Household disposable incomes rose 7.1 per cent last year, Notice this at your place, did you?
It's not a facetious question. It can be hard sometimes to recognise ourselves in the midst of statistics about us. They are seldom set out like maps with helpful wee arrowed signs on them saying "you are here".
Whether you received your share of that income rise is something you'll have your own view on. But there's the figure anyway and it's an impressive one. Be aware, for what it's worth, that the forecast increase for coming years is 4 per cent.
Treasury's pre-election fiscal update depicts a recovery weaker than the May budget forecast, but still a happening thing.
Treasury says the economy is "growing strongly" and expected to keep doing so. Rather than proclaiming "See? See?" the Government finds itself in cautionary mode. We're still tracking well but on slippery underfoot conditions.
For all its intimations of tax cuts to be announced after the election, National is characterising itself as a model of virtuous restraint compared to the billion-here billion-there Opposition spending plans.
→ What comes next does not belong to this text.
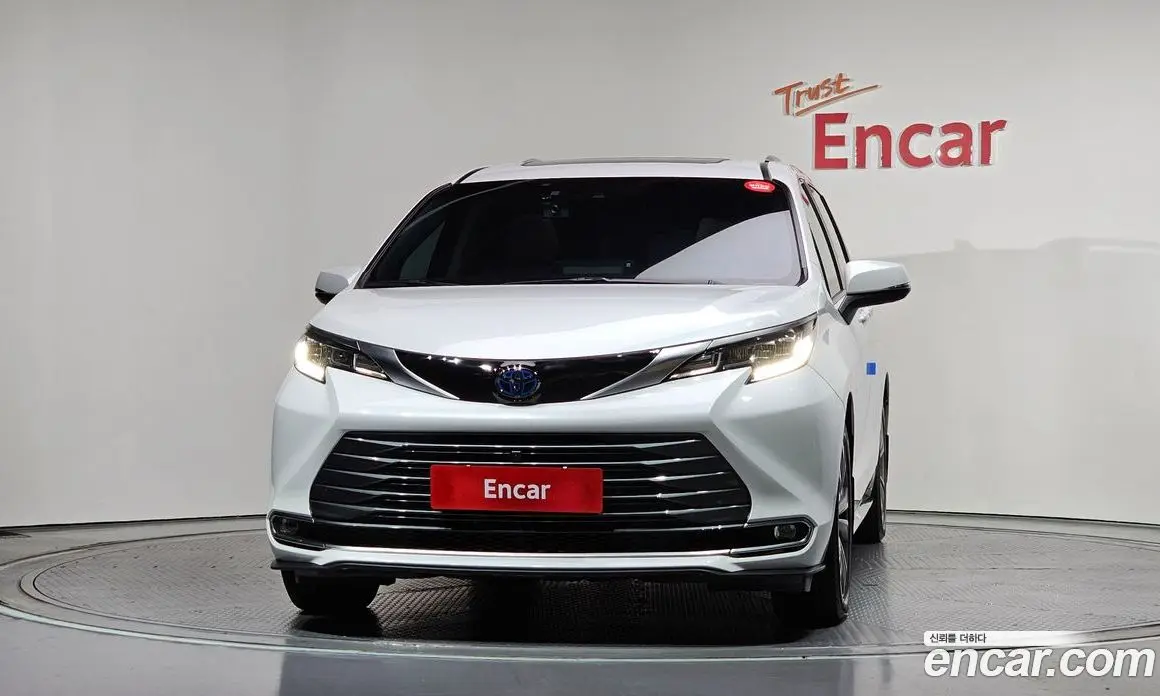 Toyota Sienna 2024 2.5 автомат (гидро), фото 3 Toyota Sienna 2024 2.5 автомат (гидро), фото 3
Labour pledges to raise close on $5 billion more in revenue during the next four years, to which National retorts the cold reality would be higher taxes and debt, leaving the nation's finances arthritic when what's needed is yoga-supple flexibility to adapt to whatever fresh challenges may lie ahead.
That caution may resonate in the south, given the steep decline in export prices, especially dairy. But this comes off a strong position and is well within the cyclical norm, though it may have arrived impolitely early as far as the national budget is concerned. And our trading partners should still be able to afford our produce.
Other parties' spending intentions will inevitably be hectored by the Government for plausible evidence of where the money will come from. Labour's embrace of capital gains tax? The Greens' new top tax rate of 40 per cent on income over $140,000 to be redistributed to the poor? These are legitimate battlefield issues. Clean politics, if you like.